## [Exercise details]
For the listing below, print exactly the lines from the line with "Ниси ми допуштала да уђем унутра" to the line with "У којем ме слепо гурала Љубав", both included, and nothing beyond them.

## [Records]
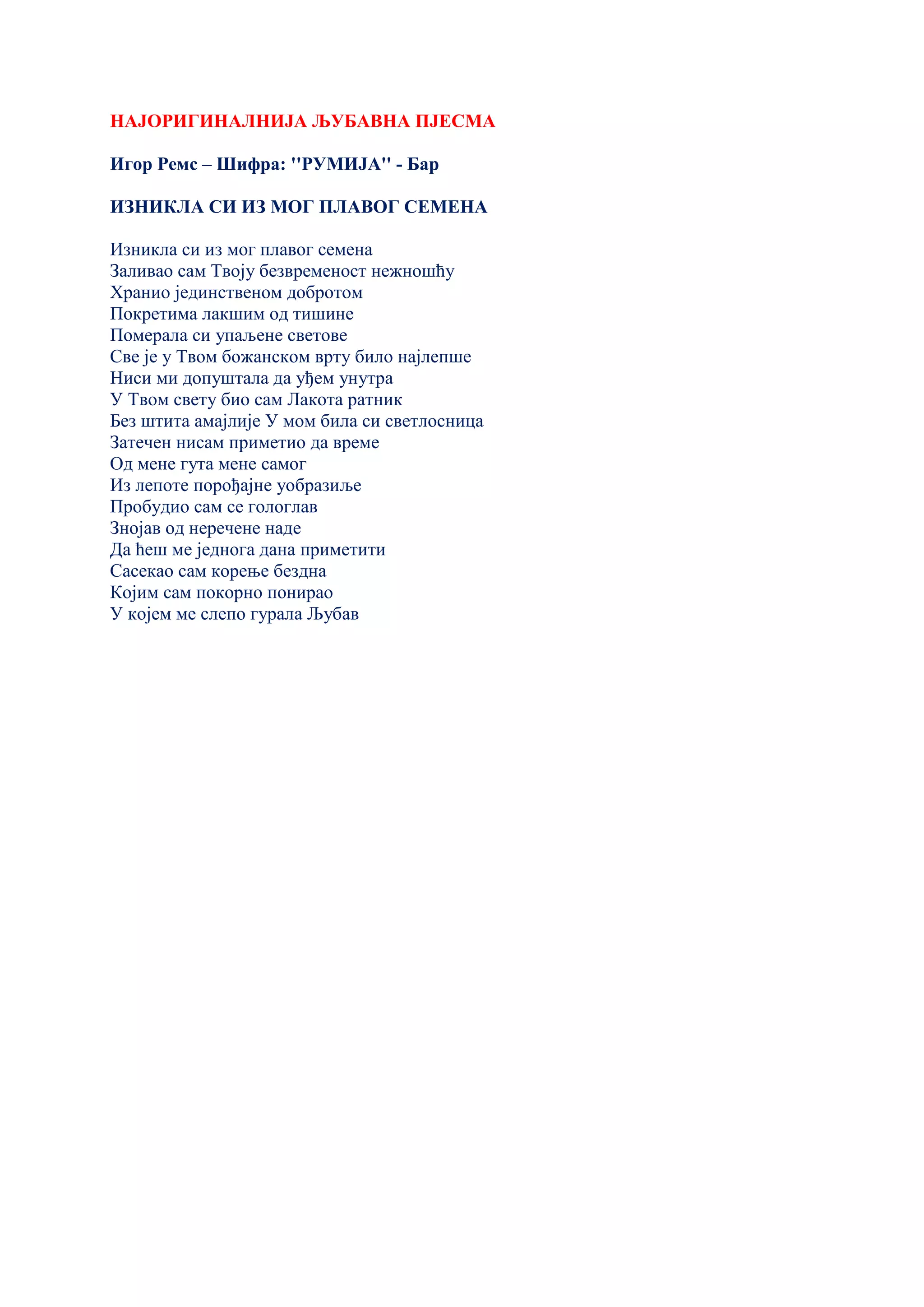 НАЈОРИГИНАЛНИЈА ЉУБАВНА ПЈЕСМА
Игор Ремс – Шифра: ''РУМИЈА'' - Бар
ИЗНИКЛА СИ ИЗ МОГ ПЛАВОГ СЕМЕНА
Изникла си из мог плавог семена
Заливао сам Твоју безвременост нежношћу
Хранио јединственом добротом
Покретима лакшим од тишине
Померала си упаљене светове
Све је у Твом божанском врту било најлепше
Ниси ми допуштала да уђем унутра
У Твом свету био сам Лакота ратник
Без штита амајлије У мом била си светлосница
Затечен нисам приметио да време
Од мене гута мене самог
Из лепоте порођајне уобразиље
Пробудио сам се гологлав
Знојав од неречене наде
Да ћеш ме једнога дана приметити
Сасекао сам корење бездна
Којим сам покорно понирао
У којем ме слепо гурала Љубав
--
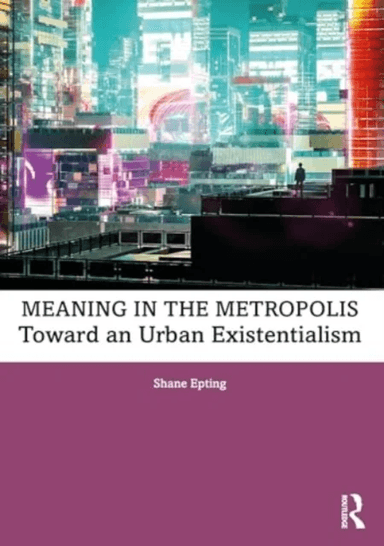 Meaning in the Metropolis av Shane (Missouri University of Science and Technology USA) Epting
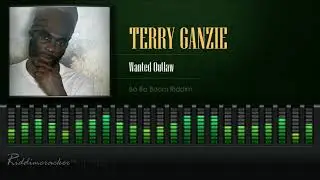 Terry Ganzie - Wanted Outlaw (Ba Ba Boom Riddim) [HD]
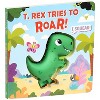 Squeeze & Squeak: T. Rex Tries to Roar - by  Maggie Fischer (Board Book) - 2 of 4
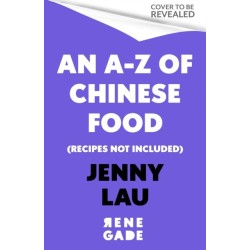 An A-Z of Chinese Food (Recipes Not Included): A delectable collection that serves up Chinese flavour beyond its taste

## [Answer box]
Ниси ми допуштала да уђем унутра
У Твом свету био сам Лакота ратник
Без штита амајлије У мом била си светлосница
Затечен нисам приметио да време
Од мене гута мене самог
Из лепоте порођајне уобразиље
Пробудио сам се гологлав
Знојав од неречене наде
Да ћеш ме једнога дана приметити
Сасекао сам корење бездна
Којим сам покорно понирао
У којем ме слепо гурала Љубав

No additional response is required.